**Source material:**
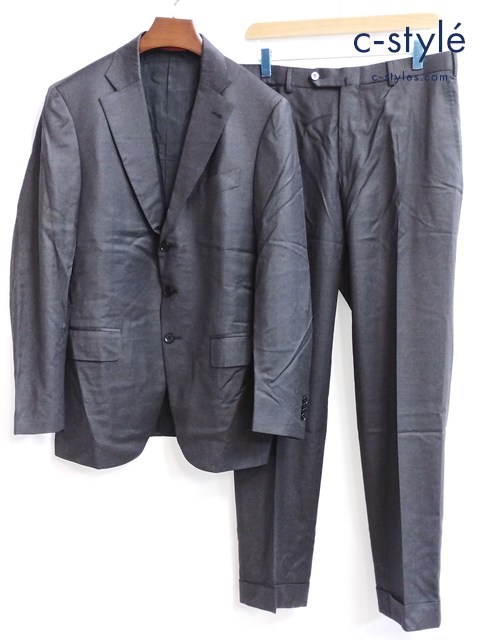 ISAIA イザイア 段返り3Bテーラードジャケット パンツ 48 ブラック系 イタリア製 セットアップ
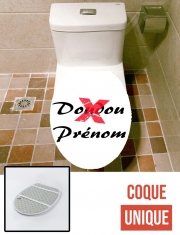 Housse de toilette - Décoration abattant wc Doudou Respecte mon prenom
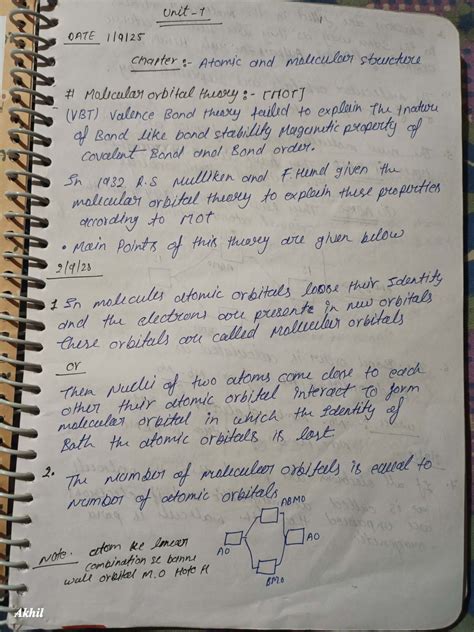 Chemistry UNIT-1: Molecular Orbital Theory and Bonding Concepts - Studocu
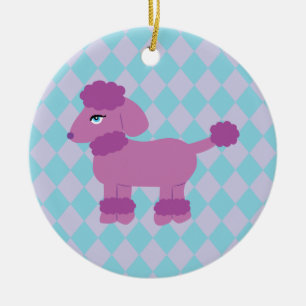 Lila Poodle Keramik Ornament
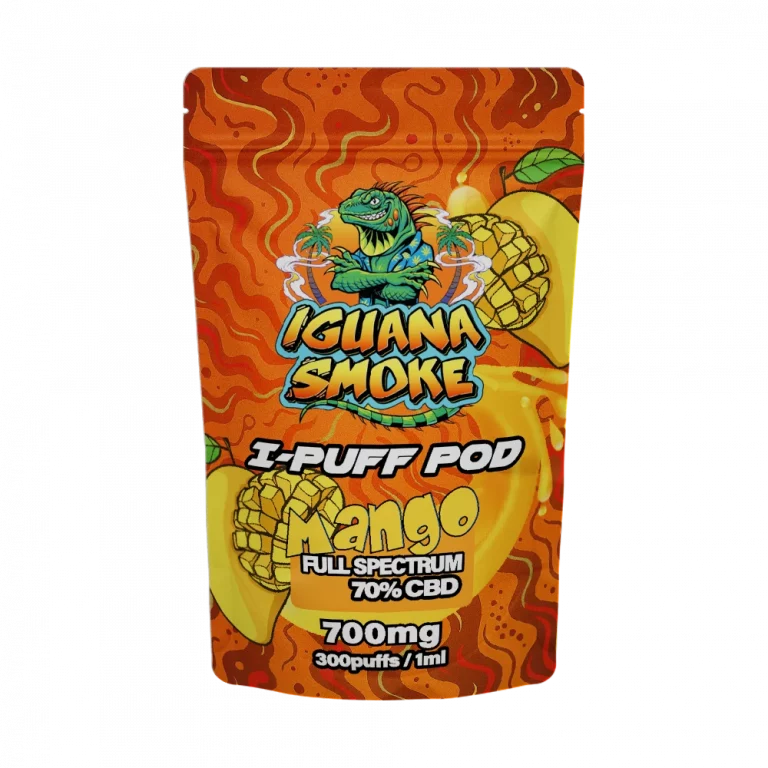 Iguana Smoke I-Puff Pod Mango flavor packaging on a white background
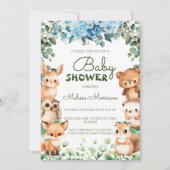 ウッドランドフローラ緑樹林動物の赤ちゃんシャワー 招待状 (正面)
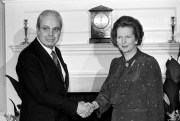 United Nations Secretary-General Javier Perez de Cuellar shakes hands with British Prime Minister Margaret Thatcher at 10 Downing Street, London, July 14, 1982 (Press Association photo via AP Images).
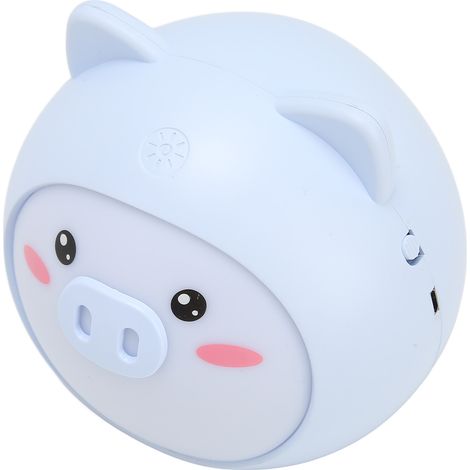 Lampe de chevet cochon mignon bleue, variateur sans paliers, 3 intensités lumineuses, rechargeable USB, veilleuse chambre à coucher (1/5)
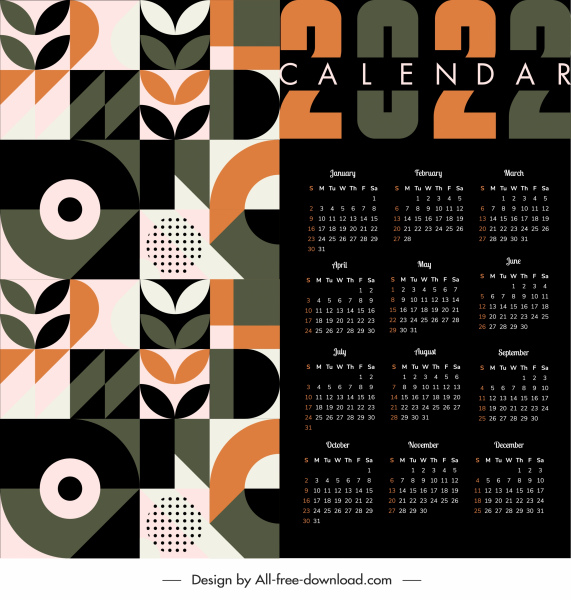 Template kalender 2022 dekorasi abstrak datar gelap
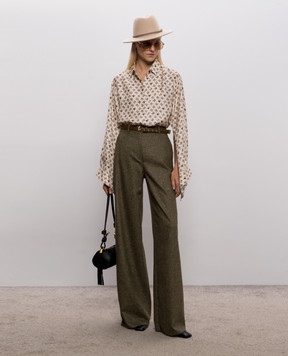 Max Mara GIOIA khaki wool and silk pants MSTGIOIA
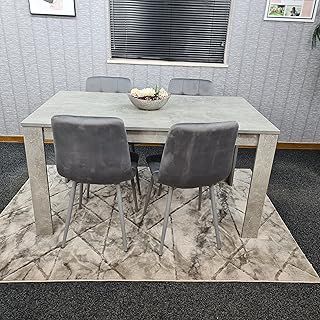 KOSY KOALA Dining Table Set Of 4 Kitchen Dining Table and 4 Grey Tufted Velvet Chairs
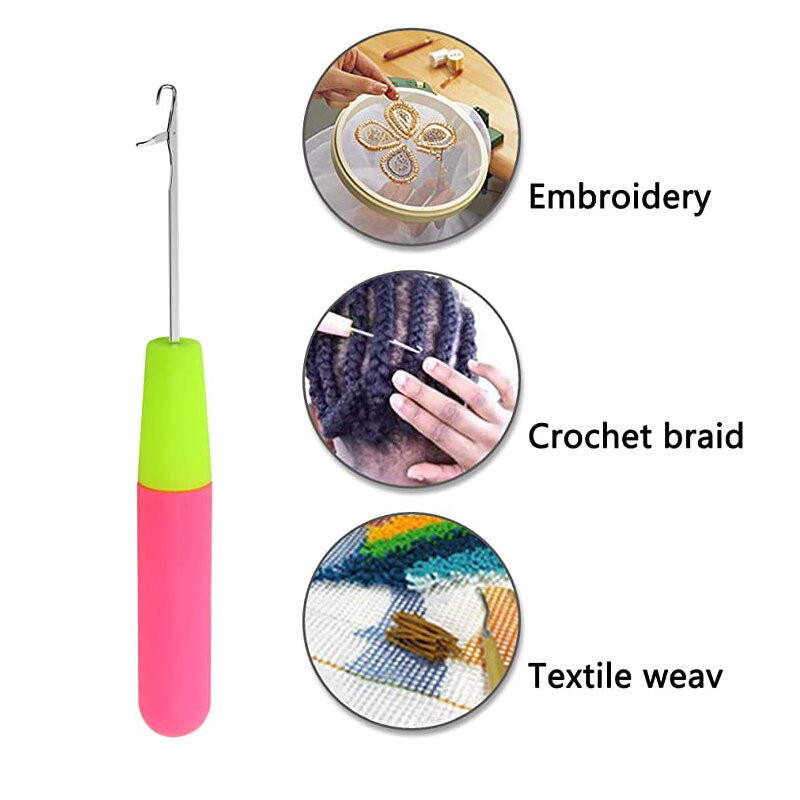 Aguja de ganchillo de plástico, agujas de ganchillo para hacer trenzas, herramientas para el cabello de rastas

...

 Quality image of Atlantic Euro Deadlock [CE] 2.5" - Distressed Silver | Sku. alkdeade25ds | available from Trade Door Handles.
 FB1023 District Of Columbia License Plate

---

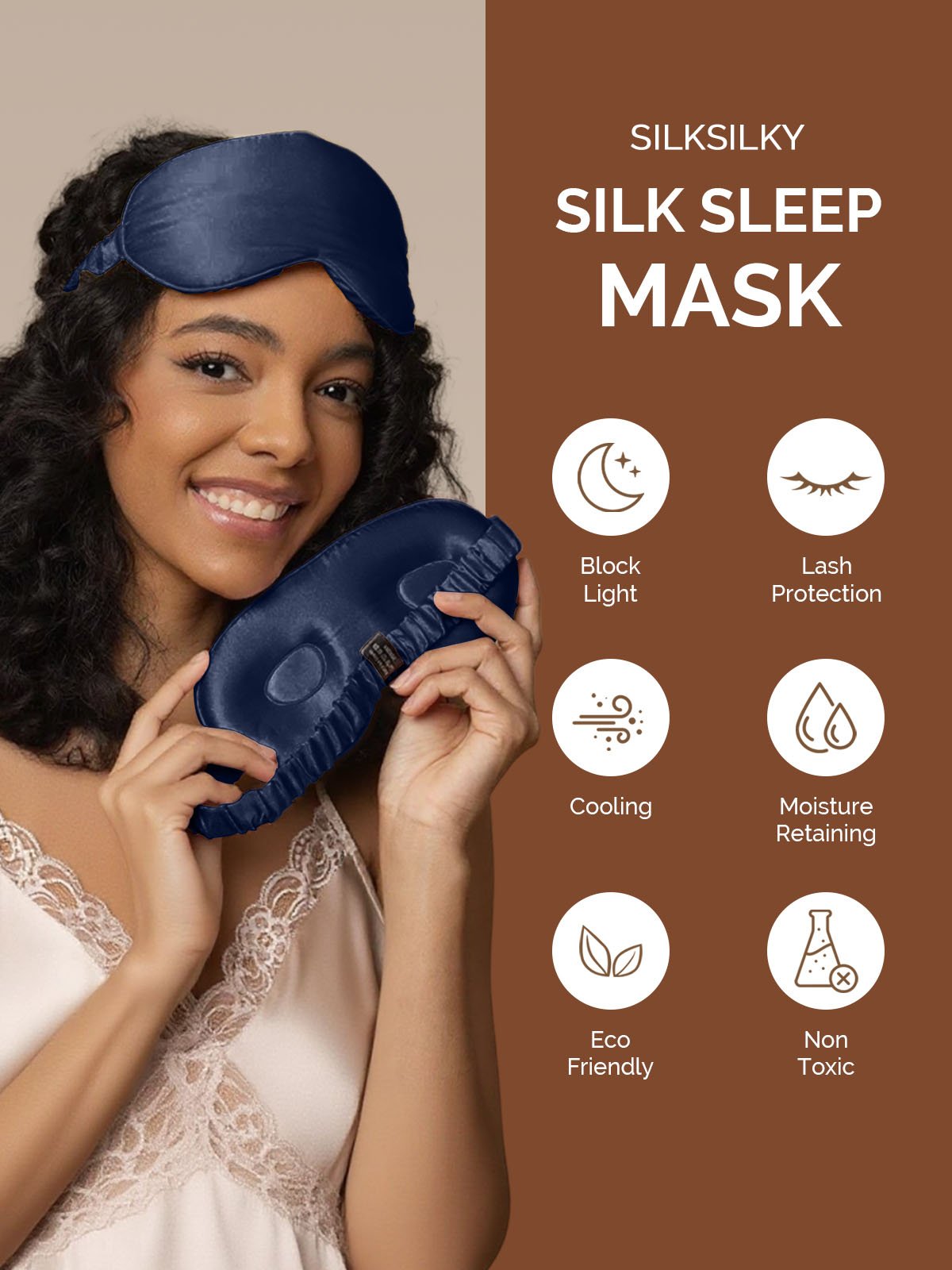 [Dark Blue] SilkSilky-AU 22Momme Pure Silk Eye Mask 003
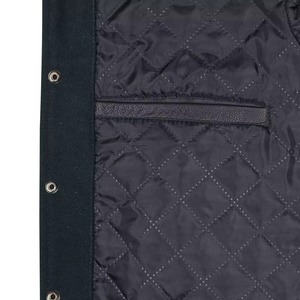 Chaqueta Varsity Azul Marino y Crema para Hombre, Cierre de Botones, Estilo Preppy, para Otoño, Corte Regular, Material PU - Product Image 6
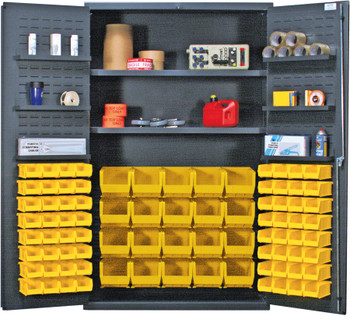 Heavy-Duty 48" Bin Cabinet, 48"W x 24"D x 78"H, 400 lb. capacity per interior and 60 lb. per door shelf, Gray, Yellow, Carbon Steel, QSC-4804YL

**Description of the task:**
Nothing outside the stretch above, from the line with "Chaqueta Varsity Azul" through the line with "Carbon Steel, QSC-4804YL", is set down. Transcribe that stretch exactly, ends included, but not its pictures.

**Solution for this exercise:**
 Chaqueta Varsity Azul Marino y Crema para Hombre, Cierre de Botones, Estilo Preppy, para Otoño, Corte Regular, Material PU - Product Image 6
 Heavy-Duty 48" Bin Cabinet, 48"W x 24"D x 78"H, 400 lb. capacity per interior and 60 lb. per door shelf, Gray, Yellow, Carbon Steel, QSC-4804YL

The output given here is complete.